According to a study conducted by researchers at the University of Georgia, employees who work with artificial intelligence (AI) are more likely to experience insomnia, higher levels of loneliness, and are also more likely to binge drink.
Sputnik
New findings detailed that AI, which is typically used in marketing, finance and manufacturing, have the potential to wreak havoc on employees’ personal lives.
Researchers looked at employees in the US, Taiwan, Indonesia and Malaysia, including 166 engineers at a Taiwanese biomedical company who were surveyed over three weeks about their feelings of loneliness, attachment anxiety and sense of belonging.
Officials found that those who work frequently with AI systems were more likely to drink alcohol after work, struggle to sleep, and experience feelings of loneliness. Findings also revealed that some employees were more likely to offer help to their coworkers, which may be caused by a need for social contact.

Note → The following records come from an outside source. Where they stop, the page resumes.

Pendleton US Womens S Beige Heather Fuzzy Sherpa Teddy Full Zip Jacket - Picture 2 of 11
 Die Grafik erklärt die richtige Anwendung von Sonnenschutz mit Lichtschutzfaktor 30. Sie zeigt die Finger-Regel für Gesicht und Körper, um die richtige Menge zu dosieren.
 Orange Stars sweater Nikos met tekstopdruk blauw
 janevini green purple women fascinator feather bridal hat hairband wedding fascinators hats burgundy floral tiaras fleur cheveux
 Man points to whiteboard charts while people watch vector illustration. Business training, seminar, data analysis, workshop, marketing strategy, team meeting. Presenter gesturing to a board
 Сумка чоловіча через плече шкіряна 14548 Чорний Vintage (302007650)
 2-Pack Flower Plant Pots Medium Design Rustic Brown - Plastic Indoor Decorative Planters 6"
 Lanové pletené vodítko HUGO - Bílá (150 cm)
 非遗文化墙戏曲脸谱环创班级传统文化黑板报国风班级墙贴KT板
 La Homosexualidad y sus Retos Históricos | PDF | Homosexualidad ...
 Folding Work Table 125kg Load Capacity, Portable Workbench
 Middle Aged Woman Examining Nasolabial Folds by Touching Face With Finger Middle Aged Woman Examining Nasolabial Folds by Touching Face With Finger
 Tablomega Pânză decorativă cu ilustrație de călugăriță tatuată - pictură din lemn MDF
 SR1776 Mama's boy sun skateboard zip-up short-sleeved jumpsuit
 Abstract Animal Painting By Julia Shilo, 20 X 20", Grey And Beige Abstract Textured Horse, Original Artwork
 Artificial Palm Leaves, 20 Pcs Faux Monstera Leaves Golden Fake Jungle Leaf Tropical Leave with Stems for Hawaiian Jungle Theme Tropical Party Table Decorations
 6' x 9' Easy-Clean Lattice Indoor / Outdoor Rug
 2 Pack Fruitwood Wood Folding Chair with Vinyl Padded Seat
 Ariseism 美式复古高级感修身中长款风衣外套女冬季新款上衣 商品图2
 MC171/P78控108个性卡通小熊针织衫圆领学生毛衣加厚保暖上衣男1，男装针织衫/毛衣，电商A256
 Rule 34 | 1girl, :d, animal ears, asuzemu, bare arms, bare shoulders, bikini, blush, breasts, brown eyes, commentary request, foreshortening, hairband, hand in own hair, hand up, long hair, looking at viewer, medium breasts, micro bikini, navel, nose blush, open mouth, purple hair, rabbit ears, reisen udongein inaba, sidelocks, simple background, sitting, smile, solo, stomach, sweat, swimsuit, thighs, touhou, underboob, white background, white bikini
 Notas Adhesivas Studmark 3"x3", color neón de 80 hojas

“The rapid advancement in AI systems is sparking a new industrial revolution that is reshaping the workplace with many benefits but also some uncharted dangers, including potentially damaging mental and physical impacts for employees,” Dr. Pok Man Tang, a researcher at the University of Georgia, said in a statement.
“Humans are social animals, and isolating work with AI systems may have damaging spillover effects into employees’ personal lives,” added Tang, who first felt compelled to study the effects of AI after his experience of working at an investment bank.
The researchers found that working with AI could affect those prone to anxiety and insecurity about social relationships more deeply (whether positive or negative) than those working with AI who are not prone to attachment anxiety.
“Mindfulness programs and other positive interventions also might help relieve loneliness,” Tang continues. “AI will keep expanding so we need to act now to lessen the potentially damaging effects for people who work with these systems.”
Tang has suggested that tech companies could try giving AI systems more human-like voices, and try and incorporate more opportunities for employees to socialize outside of AI-based work tasks.
The findings were published in the Journal of Applied Psychology.